For a more comprehensive round up of the week, listen to Stephen’s full report here.
Risk assets were mostly stronger in February recovering in some cases the falls posted in January as it became clearer that the continuing, moderate global economic recovery continued to favour quite broad growth in company earnings. This market reassessment has occurred notwithstanding disruption to economic output both sides of the Atlantic from unusually severe winter weather and concern about quite how much policy makers in China might allow economic growth to slide as they tackled issues of excessive credit growth and property price speculation. Markets drew comfort from the confidence of the US Federal Reserve in the US economic recovery and its reassurance that no official interest rate increases would be on the agenda for a long time yet.
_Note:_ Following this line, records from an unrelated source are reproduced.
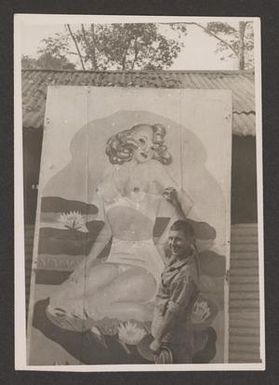 [Carl Larrison with Pin-Up Painting]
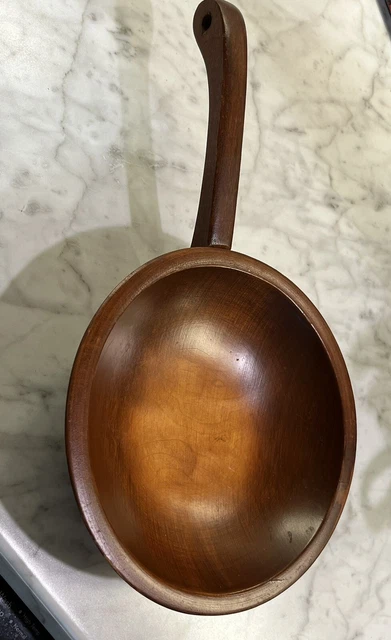 Vintage Munising Footed Wood Bowl With Handle By Munising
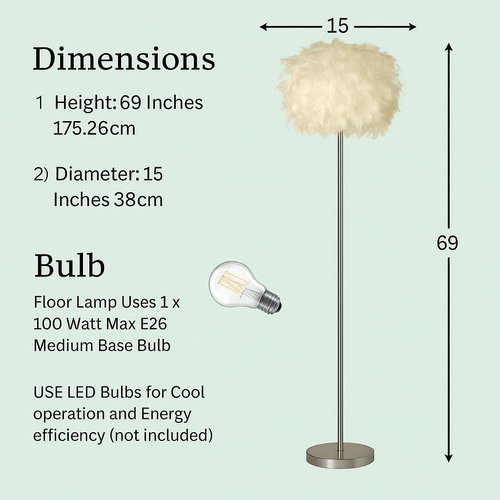 LIGHTACCENTS 69" Luxury Feather Floor Lamp with Chrome Base - Fluffy Cloud Standing Light for Living Room, Bedroom, Nursery, Vanity (White)
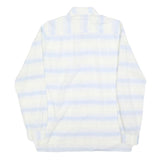 DELVINO Mens White & Light Blue Stripe Cotton Blend Shirt M Classic Fit Casual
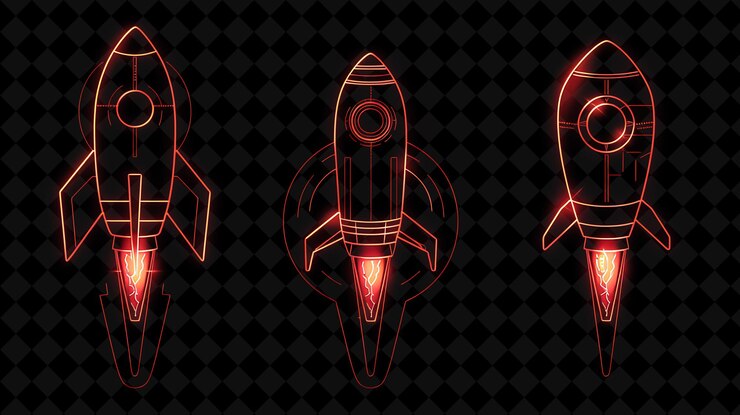 PSD líneas de iconos de cohetes con luminescencia brillante en graffi conjunto creativo color de neón colección y2k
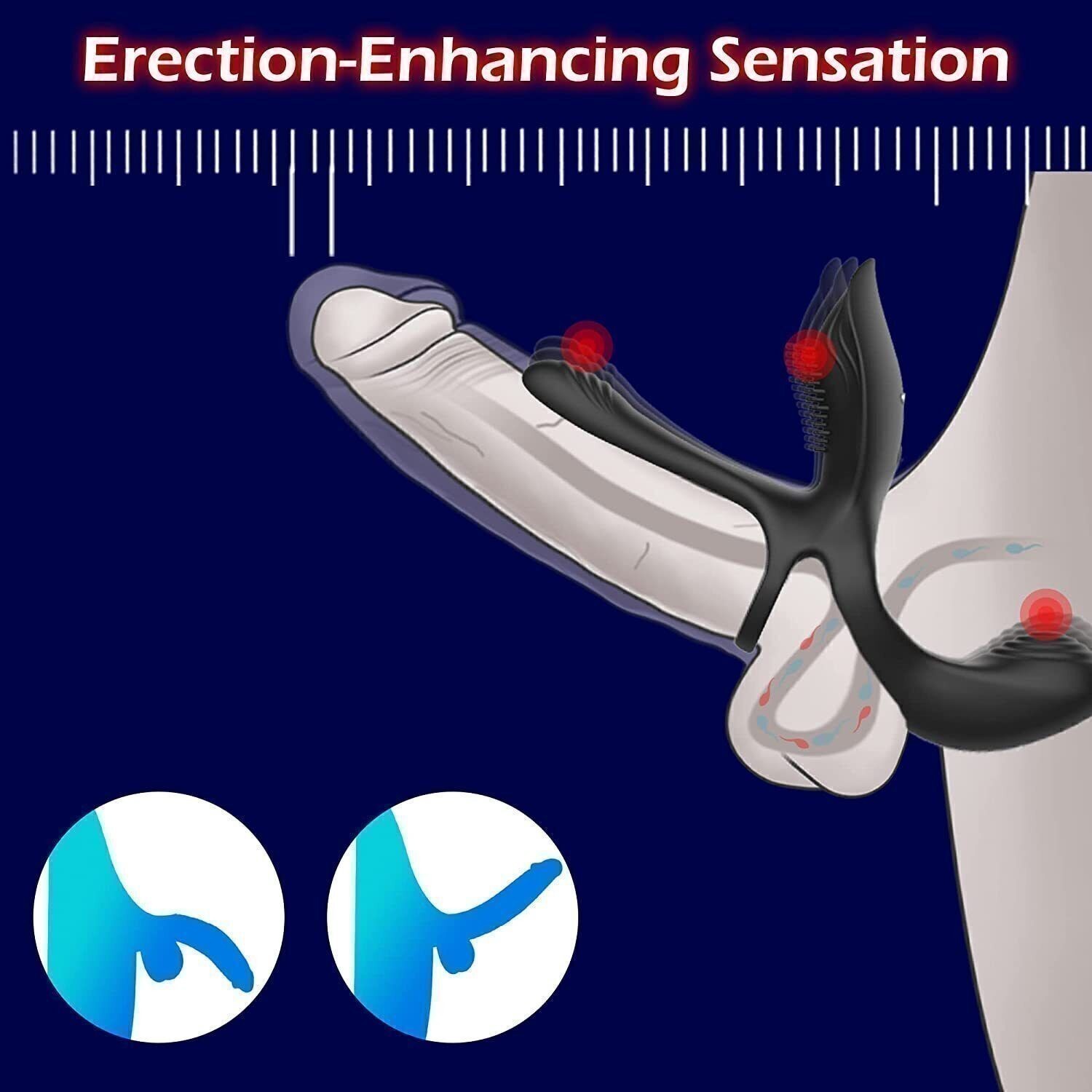 Vibrating-Penis-Couple-Vibrator-Cock-Dildo-Massager-Adult-SEX-Ring-Toys For Men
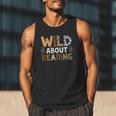 Wild About Reading Animal Bookworm Library Book Lover Reader Men Tank Top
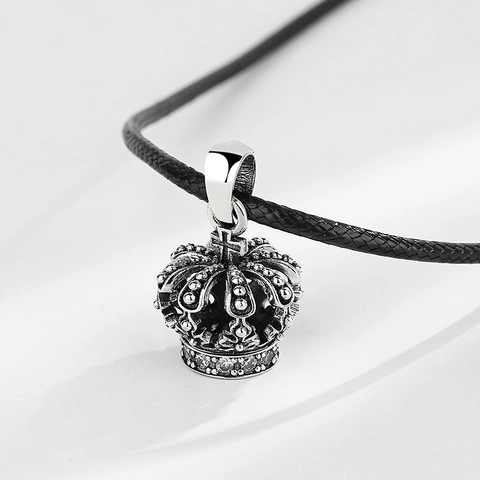 Vintage 925 Sterling Silver Crown Pendant Necklace For Men Women Retro Cross Design Rhinestone Inlaid Fashion Jewelry Gift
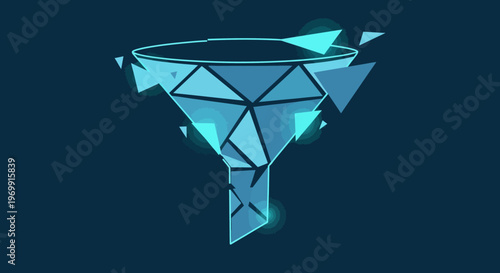 Abstract Geometric Funnel Filter with Glowing Light Effects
G20 finance ministers and central bankers also indicated at their meeting in Sydney that they would coordinate policies to achieve annual global economic growth two percentage points stronger than under current national policy settings over the next five years. Most major equity markets rose in February in excess of 4%, ranging from 4.1% gains for the ASX 200 and the German DAX to 4.6% for the British FTSE 100. A notable exception was Japan’s Nikkei, down by 0.5% on concern about the effectiveness of the Government’s policies to boost economic growth.
Credit markets followed a similar trajectory to equity markets through February, losing ground early in the month but then rallying quite strongly through the rest of the month. Major bond markets were little changed through February, holding their January gains even in the face of strongly improving equity markets and comments from the US Federal Reserve that it would likely continue reducing its asset purchase program at each six-weekly policy meeting. US 10 year and 30 year treasury yields finished February at respectively 2.65% and 3.58%, 1 basis point (bp) higher and 2bp lower respectively than at the end of January. The Australian 10 year bond yield rose by 3bp, finishing February at 4.02%.
On the economic data front, US indicators were very mixed with some clearly adversely affected by severe winter weather. Q4 GDP was revised down to 2.4% annualized growth from an initial reading of 3.2%. Employment readings were soft in December and January. Economic readings in China released through February were mixed, with strong January exports and credit growth offset by weak manufacturing PMI surveys. European readings were a touch firmer than expected on balance. In Australia, soft employment and business investment readings again contrasted with strong exports, retail sales and housing data.
Looking ahead, global economic growth looks set to accelerate as the US, Canada and Britain recover from severe winter weather and headwinds to US and European growth from budget cuts become much less pronounced. Signs of some success containing excesses in China also imply less aggressive policy settings and better growth. In Australia, the RBA is likely to leave the very low 2.50% cash rate in place for some time, perhaps even longer than our call of a first rate hike in August, and the softer Australian dollar is also helping the economy to improve. Stronger housing activity and increasingly better retail sales are showing signs of offsetting the impact of declining mining investment.